Written and illustrated by Janie Hao
Kids Can Press
978-1-5253-1026-3
32 pp.
Ages 2-6
October 2024 

What gets this child riled up? It's her dad who is just being a dad, trying to get her to eat her vegetables so he can tidy up the dishes. But when she gets this big feeling, she has an arsenal of strategies to get her out of it.
From Mad at Dad, written and illustrated by Janie Hao
She tries a host of activities to get her out it her anger. She talks it out with her stuffies, she counts, she draws, and she does cartwheels. She tries quiet activities that might not be so, and energy-burning ones that might help her let go of her annoyance at her father.
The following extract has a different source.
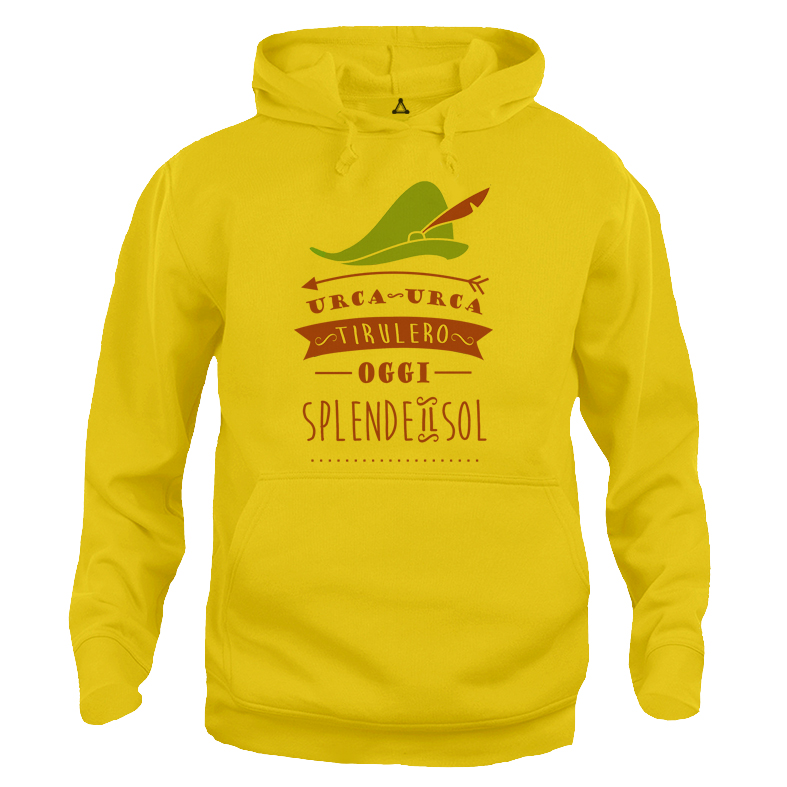 Felpa Cappuccio Urca urca tirulero oggi splende il sol Robin Hood New Indastria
She might not like being mad but it's an emotion that's hard to let go of. 
From Mad at Dad, written and illustrated by Janie Hao
With time, that anger transforms into sadness, probably from the exhaustion of those big feelings, and her dad, the original source of her ire, is there to help her through.
From Mad at Dad, written and illustrated by Janie Hao
Like the emotions the child is feeling, bigger than just being displeased, Mad at Dad is larger than its 9" x 9" format. Mad at Dad is an interactive picture book that allows the reader to fold-out pages that allow for immense four-page spreads that are equal to the size of her emotions. Not only will young readers get the full force of her wrath, depicted with furrowed brows and a clenched jaw–when she's not releasing outraged squiggles from her expressive mouth–they'll see the bigness of those feelings in the slams and the shouts and the cries. Janie Hao, a Sheridan College grad of illustration, gives the full range of anger in her character's fury, using colours of red and yellow, black and orange. It's not until the child is wearing herself out and crashing under a comforter in the dark that the tones become primarily blue. Fortunately, her dad also brings the light and colour with him. 
From Mad at Dad, written and illustrated by Janie Hao
Janie Hao's digitally-rendered artwork relays the full scope of this rollercoaster of a father-daughter relationship but also the changes that happen as the child attempts to calm herself with strategies readers' own parents and teachers might have taught them. It'll be refreshing for young children to see that not everything works and that they just need to try something different. And even if nothing works, time will heal and remind them that the big deal that started the anger does not have to remain a big deal and being mad at dad doesn't have to be a permanent state. In fact, it might be the very thing that reminds them of the love that exists between a parent and child regardless of tough moments.